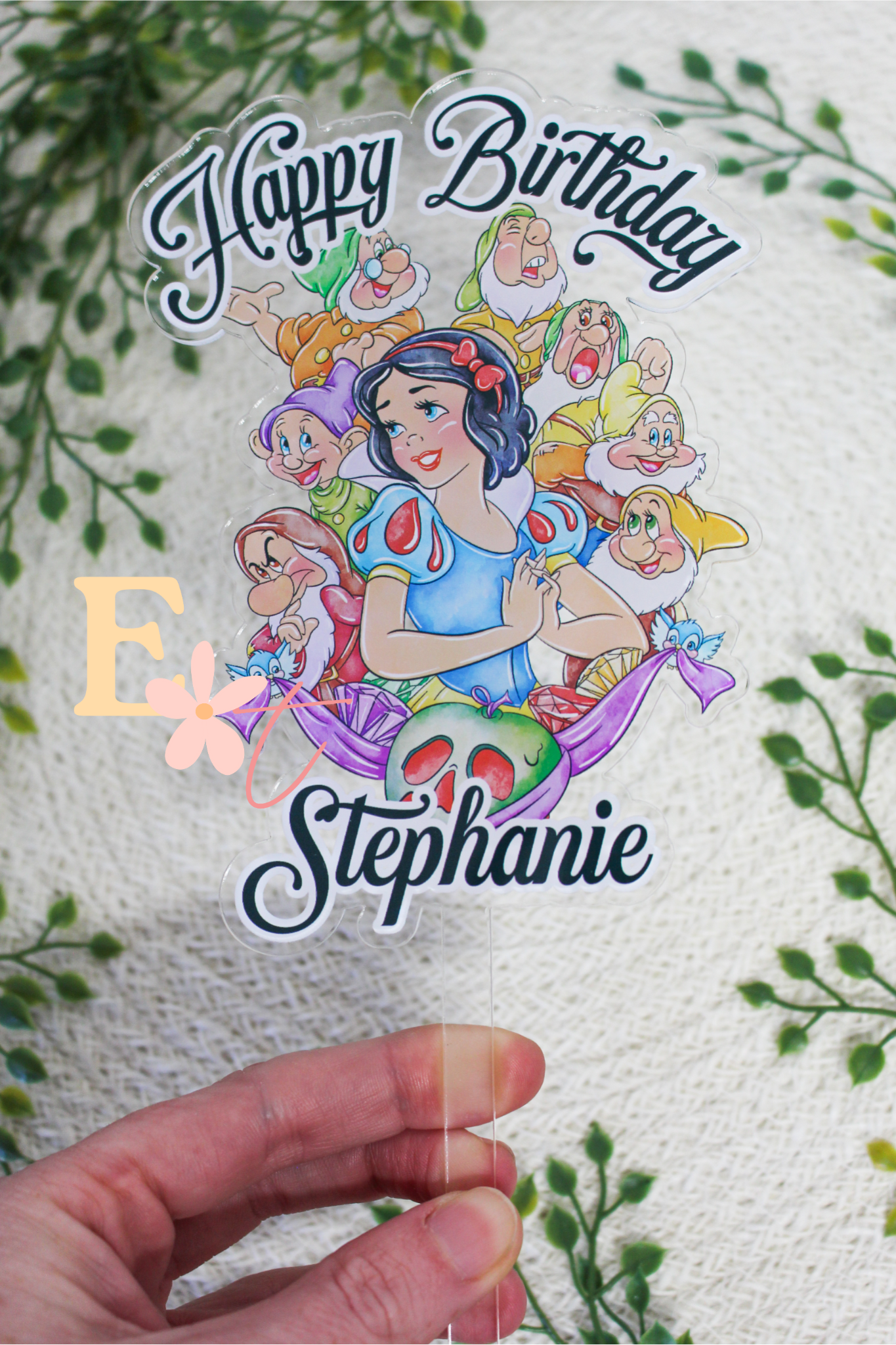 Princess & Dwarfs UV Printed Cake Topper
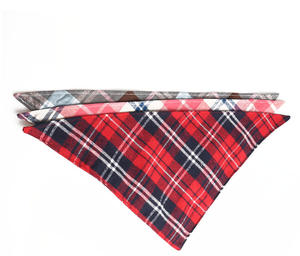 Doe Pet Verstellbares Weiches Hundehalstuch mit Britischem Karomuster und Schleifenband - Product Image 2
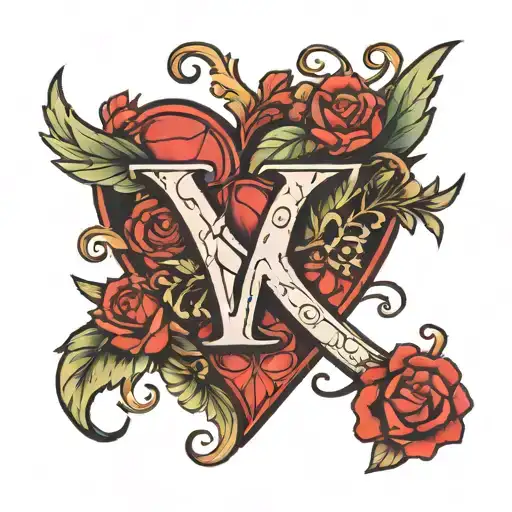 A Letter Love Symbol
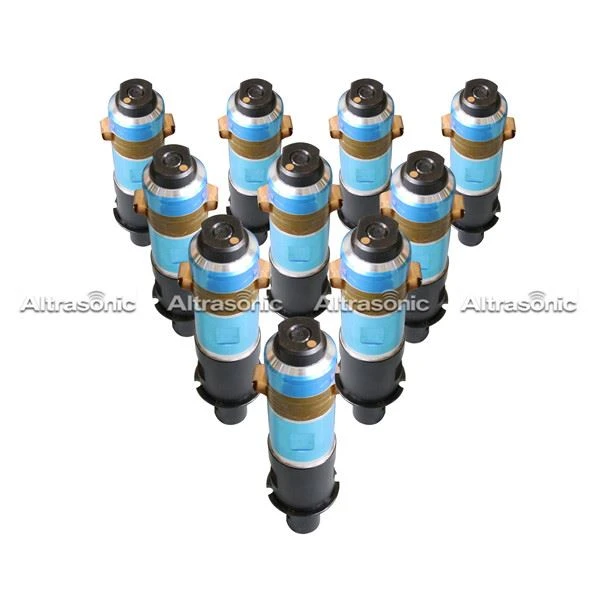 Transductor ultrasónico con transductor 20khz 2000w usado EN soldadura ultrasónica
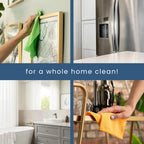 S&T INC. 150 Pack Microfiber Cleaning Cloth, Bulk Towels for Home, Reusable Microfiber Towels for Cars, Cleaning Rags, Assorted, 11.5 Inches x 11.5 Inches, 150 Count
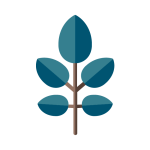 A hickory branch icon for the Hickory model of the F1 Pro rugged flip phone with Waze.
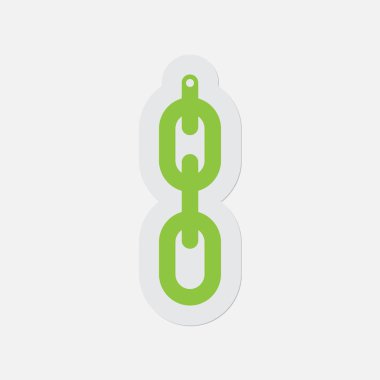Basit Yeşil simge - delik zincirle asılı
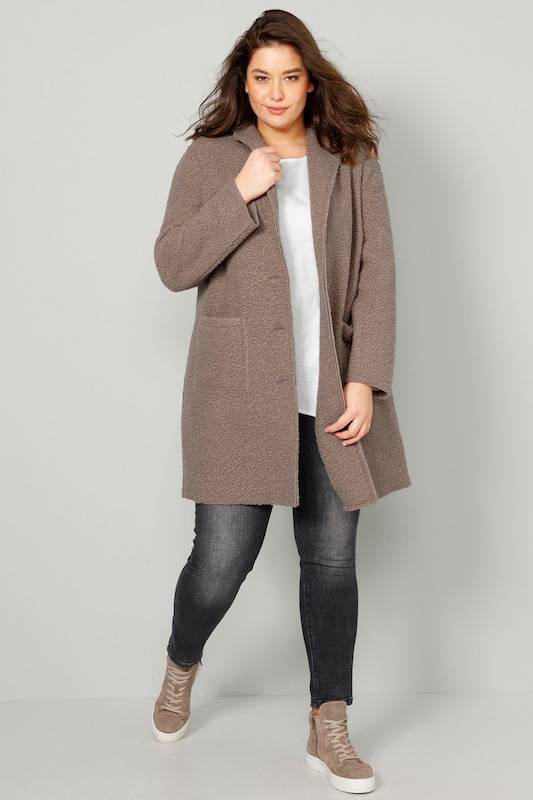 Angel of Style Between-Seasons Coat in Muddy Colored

+-------+

• What you are asked to do:
Please retype, exactly and only, the lines from the one holding "S&T INC. 150" to the end of the entries, both ends included, without any pictures.

• Answer below:
 S&T INC. 150 Pack Microfiber Cleaning Cloth, Bulk Towels for Home, Reusable Microfiber Towels for Cars, Cleaning Rags, Assorted, 11.5 Inches x 11.5 Inches, 150 Count
 A hickory branch icon for the Hickory model of the F1 Pro rugged flip phone with Waze.
Basit Yeşil simge - delik zincirle asılı
 Angel of Style Between-Seasons Coat in Muddy Colored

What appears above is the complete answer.